The first HSR system in Spain was unveiled in 1992 for the Barcelona Olympic Games and the Seville Expo ’92. It rapidly expanded at the beginning of the 21st century, and by 2015 the system became the world’s second longest. Spain’s HSR system is also relatively cheap, costing about $9.5 million per mile (compared to Japan’s $33.5 million per mile and Germany’s $15 million per mile), but it has been supported by large subsidies.
Traffic on Spain’s system falls well below that of other HSR systems: it is about 5 percent as heavy as Japan’s and about 10 percent as heavy as France’s. The system serves all the regional capitals equally regardless of their population size, solidifying political power in Madrid at the center.
China’s HSR system is heavily used (it had roughly 893 million users in 2014) and fares are much higher than fares for the country’s conventional railways. After a brief slump in both use and construction in 2011, 2012 saw a boom in HSR use.
ECONOMIC DEVELOPMENT OUTCOMES
Economic development outcomes are extremely difficult to assess, especially in a changing world.
In terms of costs paid by Spanish HSR users, it helps to compare journey times and fares for similar trips between airports and between HSR stations. HSR routes used in this comparison are purposely selected to involve a change of train, vary in length, and have modal competition from low-cost air carriers. Table 1 shows the comparative costs.
In Spain, it’s clear that airlines can be both cheaper and faster between terminals than HSR; thus any other advantages that passengers of HSR gain are relatively small. However, in some cases—for example, when there is congestion at the airports or when routes are suboptimally short for air travel—HSR is more attractive than air travel.
DOES IT PAY TO UTILIZE HSR?
The costs of subsidized investment in, operations of, and maintenance on HSR systems are very much higher than often claimed, while revenues are often lower. Effects on regional equity and growth vary.
HSR has failed to spread employment in Japan. The Shinkansen system does little to spread employment away from Tokyo. Although Japanese cities that have HSR connections have grown faster than those that do not, the HSR system was designed to serve areas where economic growth was expected before the planning or building of the Shinkansen system, so it is not clear that this growth is related to HSR.
HSR has not generated much revenue in Spain.

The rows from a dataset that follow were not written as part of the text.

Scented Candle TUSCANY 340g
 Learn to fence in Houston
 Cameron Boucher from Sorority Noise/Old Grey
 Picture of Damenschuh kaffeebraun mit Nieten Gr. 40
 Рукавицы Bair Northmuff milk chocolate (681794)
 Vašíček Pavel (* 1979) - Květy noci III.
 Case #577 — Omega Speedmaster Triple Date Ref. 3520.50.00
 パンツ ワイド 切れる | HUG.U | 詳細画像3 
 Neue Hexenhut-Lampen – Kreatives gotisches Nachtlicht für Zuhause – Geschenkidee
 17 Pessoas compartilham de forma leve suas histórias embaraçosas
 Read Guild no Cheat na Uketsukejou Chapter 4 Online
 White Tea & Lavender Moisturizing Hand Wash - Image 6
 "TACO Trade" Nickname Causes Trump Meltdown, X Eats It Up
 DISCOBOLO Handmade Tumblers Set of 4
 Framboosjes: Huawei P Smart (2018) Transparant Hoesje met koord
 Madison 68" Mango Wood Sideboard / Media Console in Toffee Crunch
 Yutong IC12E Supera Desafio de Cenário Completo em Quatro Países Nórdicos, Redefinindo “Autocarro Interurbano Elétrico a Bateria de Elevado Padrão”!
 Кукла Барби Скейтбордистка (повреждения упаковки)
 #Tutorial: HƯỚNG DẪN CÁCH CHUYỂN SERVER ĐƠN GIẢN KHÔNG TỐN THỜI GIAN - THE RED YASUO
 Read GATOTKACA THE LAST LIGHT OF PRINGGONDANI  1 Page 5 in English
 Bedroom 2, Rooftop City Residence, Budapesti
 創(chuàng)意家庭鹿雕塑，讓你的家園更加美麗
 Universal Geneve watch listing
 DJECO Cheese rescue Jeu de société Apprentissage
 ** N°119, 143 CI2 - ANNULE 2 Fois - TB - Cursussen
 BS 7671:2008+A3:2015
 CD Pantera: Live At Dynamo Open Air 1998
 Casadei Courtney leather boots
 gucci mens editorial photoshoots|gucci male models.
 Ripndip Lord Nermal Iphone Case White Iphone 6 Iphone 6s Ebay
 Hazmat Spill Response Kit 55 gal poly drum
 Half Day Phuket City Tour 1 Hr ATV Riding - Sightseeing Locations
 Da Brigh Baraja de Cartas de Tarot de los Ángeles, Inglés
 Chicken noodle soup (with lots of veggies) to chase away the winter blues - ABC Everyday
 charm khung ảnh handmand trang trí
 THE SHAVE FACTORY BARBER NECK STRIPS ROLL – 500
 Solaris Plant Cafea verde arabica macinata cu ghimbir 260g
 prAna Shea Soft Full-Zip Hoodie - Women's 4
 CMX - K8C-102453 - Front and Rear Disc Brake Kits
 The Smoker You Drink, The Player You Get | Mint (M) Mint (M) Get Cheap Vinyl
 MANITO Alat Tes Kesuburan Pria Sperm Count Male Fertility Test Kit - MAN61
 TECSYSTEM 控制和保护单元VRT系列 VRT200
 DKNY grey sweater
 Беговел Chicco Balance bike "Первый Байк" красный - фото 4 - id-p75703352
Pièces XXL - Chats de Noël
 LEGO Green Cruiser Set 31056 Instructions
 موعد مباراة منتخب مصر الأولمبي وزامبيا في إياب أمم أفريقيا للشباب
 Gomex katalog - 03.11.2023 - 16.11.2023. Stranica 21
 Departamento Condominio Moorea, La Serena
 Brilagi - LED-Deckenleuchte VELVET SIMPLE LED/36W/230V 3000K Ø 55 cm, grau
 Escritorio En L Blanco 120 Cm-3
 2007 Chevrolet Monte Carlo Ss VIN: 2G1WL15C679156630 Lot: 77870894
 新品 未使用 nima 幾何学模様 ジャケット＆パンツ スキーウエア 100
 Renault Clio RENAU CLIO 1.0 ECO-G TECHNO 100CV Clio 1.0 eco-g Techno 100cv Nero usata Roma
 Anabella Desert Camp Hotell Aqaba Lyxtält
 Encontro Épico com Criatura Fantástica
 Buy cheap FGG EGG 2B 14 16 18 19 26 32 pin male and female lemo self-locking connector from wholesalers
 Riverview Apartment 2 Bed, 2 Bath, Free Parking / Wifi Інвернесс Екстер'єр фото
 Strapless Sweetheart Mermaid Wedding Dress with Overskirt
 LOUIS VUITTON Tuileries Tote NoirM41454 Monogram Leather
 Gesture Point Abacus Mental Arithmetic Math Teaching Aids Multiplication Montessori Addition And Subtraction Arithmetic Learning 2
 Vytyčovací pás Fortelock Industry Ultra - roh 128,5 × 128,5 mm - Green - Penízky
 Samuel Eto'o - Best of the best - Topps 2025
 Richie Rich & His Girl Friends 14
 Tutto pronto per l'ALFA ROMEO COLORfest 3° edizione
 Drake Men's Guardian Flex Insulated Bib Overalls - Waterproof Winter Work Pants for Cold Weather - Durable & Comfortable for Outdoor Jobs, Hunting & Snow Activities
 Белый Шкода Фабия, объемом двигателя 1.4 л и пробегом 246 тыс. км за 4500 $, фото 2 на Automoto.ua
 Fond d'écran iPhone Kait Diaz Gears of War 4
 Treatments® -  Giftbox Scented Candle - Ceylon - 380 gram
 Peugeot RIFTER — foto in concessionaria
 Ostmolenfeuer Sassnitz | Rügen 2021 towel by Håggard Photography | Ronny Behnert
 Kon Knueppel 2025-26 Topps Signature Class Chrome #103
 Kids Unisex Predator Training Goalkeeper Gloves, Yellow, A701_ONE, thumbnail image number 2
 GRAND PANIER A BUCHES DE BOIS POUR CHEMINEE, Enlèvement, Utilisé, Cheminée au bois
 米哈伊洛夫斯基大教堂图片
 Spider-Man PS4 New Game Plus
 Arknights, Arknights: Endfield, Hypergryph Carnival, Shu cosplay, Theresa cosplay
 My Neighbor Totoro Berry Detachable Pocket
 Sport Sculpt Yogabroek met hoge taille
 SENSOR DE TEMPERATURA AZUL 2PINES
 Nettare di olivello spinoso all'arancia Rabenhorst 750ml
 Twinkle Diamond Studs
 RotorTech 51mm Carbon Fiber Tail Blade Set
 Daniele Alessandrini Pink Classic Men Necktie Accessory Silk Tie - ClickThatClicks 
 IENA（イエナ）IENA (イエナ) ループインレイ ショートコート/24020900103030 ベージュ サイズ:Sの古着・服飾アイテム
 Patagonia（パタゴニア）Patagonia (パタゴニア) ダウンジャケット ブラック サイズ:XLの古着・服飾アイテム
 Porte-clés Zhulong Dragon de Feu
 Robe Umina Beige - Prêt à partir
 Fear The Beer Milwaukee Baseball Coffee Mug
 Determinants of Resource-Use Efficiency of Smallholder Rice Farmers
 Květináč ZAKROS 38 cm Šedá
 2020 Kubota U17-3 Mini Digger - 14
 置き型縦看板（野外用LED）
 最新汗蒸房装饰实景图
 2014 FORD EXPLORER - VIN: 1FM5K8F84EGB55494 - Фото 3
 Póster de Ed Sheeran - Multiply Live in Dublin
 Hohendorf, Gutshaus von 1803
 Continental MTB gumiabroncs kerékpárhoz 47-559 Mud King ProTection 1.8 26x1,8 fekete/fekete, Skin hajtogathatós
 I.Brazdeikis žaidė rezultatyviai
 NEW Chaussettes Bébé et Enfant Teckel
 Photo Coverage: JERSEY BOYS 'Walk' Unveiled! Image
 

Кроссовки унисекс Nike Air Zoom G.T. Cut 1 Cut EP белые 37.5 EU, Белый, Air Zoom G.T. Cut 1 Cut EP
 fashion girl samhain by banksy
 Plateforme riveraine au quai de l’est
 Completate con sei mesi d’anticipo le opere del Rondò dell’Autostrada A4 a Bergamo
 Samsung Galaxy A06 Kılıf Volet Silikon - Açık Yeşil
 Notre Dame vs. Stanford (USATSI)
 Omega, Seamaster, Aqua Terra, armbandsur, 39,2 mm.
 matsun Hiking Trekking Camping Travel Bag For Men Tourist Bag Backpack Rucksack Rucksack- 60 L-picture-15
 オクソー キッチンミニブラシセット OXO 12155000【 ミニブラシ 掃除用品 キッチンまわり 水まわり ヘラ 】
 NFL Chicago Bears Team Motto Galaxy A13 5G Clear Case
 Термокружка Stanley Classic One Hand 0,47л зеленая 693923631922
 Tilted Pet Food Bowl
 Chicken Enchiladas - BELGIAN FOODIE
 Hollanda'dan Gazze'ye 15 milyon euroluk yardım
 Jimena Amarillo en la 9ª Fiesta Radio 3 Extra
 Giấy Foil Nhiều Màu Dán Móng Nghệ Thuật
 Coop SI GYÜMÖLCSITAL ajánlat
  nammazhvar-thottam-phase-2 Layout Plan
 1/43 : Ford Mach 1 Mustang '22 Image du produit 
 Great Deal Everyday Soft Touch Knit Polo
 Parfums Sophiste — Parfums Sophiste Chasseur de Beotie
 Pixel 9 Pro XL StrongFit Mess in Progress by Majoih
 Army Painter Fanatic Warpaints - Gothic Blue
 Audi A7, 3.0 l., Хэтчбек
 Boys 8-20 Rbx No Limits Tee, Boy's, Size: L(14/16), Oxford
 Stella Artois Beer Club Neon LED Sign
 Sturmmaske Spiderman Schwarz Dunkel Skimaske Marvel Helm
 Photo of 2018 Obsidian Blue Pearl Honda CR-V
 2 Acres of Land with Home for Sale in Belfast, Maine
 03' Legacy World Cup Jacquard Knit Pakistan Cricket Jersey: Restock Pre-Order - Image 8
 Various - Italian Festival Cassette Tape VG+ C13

A 2015 report from the Applied Economy Studies Foundation found that none of Spain’s HSR lines were making an operating profit. The financial problems of the system have been exacerbated by wider macroeconomic and transportation conditions.
However, the Japanese system is very efficient at moving large numbers of people. The abilities to build large developments alongside the high-speed railways, charge high ticket prices, and (until recently) limit competition from low-cost air travel have been financial advantages to parts of the Japanese system.
The experiences of Japan, Spain, and China show that HSR infrastructure can prove far more expensive than political leadership suggests before construction. Additionally, ridership and national economic development can prove disappointing when fares do not come close to covering costs. If the objective is to spread economic activity away from congested regions, the results also prove disappointing. HSR’s introduction has tended to encourage longer-distance commuting to and from established economic centers rather than the geographical dispersion of employment and production.